# Need help with my drivers license



## debady (Mar 9, 2013)

Hi guys,

I need any advise here, my US drivers license expired last year due to my work obligations in Egypt. Anyways, i have an expired US license, a valid egyptian license and an international license. Do i have to take driving lessons? If so, is there anyway out of it? I don't have a nanny for my son yet and cant leave him to take lessons yet. Please, please, your advise is highly appreciated and needed here. Where do i start?
Thanks,


----------



## Desert_Fever (Apr 13, 2013)

debady said:


> Hi guys,
> 
> I need any advise here, my US drivers license expired last year due to my work obligations in Egypt. Anyways, i have an expired US license, a valid egyptian license and an international license. Do i have to take driving lessons? If so, is there anyway out of it? I don't have a nanny for my son yet and cant leave him to take lessons yet. Please, please, your advise is highly appreciated and needed here. Where do i start?
> Thanks,


What is your citizenship? That might drive your future in driving school.


----------



## debady (Mar 9, 2013)

Im American


----------



## Desert_Fever (Apr 13, 2013)

You should be able to transfer your US License to UAE license which sounds like your easiest path. Can you apply for a renewal of your US license? That might save a ton of hassle. See thread below for ideas:

http://www.expatforum.com/expats/du...g-dubai/131044-us-uae-license-conversion.html


----------



## debady (Mar 9, 2013)

Yeah but I'm in Dubai now and theres noway i can renew from here. Plus the american license is expired. Will it matter if its expired?


----------



## Desert_Fever (Apr 13, 2013)

I thought most US license renewals can be done online. You can update address to where you can get it in US.

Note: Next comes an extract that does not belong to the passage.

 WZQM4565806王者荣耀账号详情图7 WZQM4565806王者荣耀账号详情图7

I don't think an expired license would work but maybe someone else would chime. Why don't you physically go to the license people and try your luck..


----------



## ccr (Jun 20, 2010)

Desert_Fever said:


> I thought most US license renewals can be done online. You can update address to where you can get it in US.
> 
> I don't think an expired license would work but maybe someone else would chime. Why don't you physically go to the license people and try your luck..

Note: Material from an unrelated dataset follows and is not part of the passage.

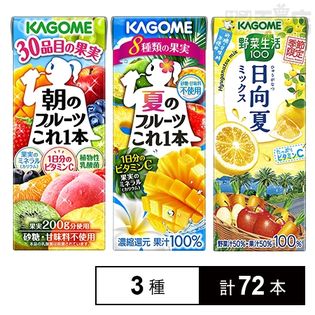 飲料・酒 【新品未開封】カゴメ 野菜生活100 夏のフルーツこれ1本 96本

On-line renewal depends on which state, if TX (for example), then you renew on-line and even specify a mailing address different than the resident address shown on the card.

For TX, you are allowed to renew on-line every other renewal: on-line, in person, on-line, in person, etc.

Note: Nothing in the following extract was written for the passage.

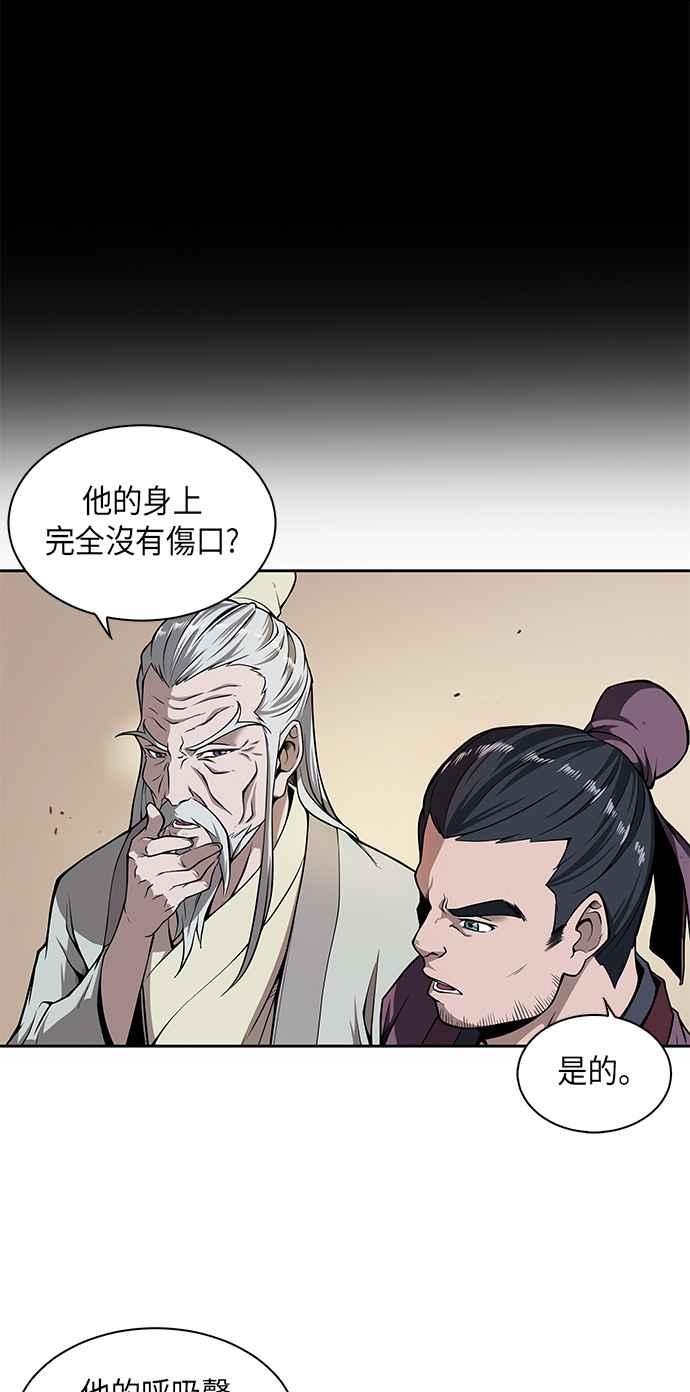 奈米魔神002. 第1话 魔神（？）降临到我身上了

In parallel, just try your luck to change for UAE when you are in Dubai anyway. Never know...


----------



## BBmover (Jun 15, 2013)

You could go to DL centre and give it a go with your US passport and Egyptian license....just take everything with you! I have an Oz passport and UK license and was worried you had to hold both from the same country but it went through successfully. I did go armed with all my documents and everything relating to my residency in UK but didn't need to show them.


----------



## debady (Mar 9, 2013)

Hi guys, 

Just to update you,, i took your advise and went down to the Dubai driving center and submitted my paperwork and showed my US license. Long story short, I GOT MY LICENSE!  soo happy and relieved to have gotten past this point!!!! Thank you all for your help. 
See you on the road,


----------



## Desert_Fever (Apr 13, 2013)

Did you have to have an emirates ID or get fingerprinted??


----------



## Desert_Fever (Apr 13, 2013)

Congratulations!!!


----------



## debady (Mar 9, 2013)

I already had my id. Thanks !


----------



## Desert_Fever (Apr 13, 2013)

Did you need it for the process and did they finger print you


----------



## BBmover (Jun 15, 2013)

Desert_Fever said:


> Did you need it for the process and did they finger print you


You don't have your finger prints taken for your license. 
Finger prints are done when you go through the process of your ID card.
Yes you need your Emirates ID card to obtain your UAE license.


----------



## telecompro (Apr 4, 2013)

debady said:


> I already had my id. Thanks !


How did you manage to get the licence with expired US licence? I have a NZ passport and expired NZ licence ..i also have a valid Egypt licence but they still insisted that i have to do the test...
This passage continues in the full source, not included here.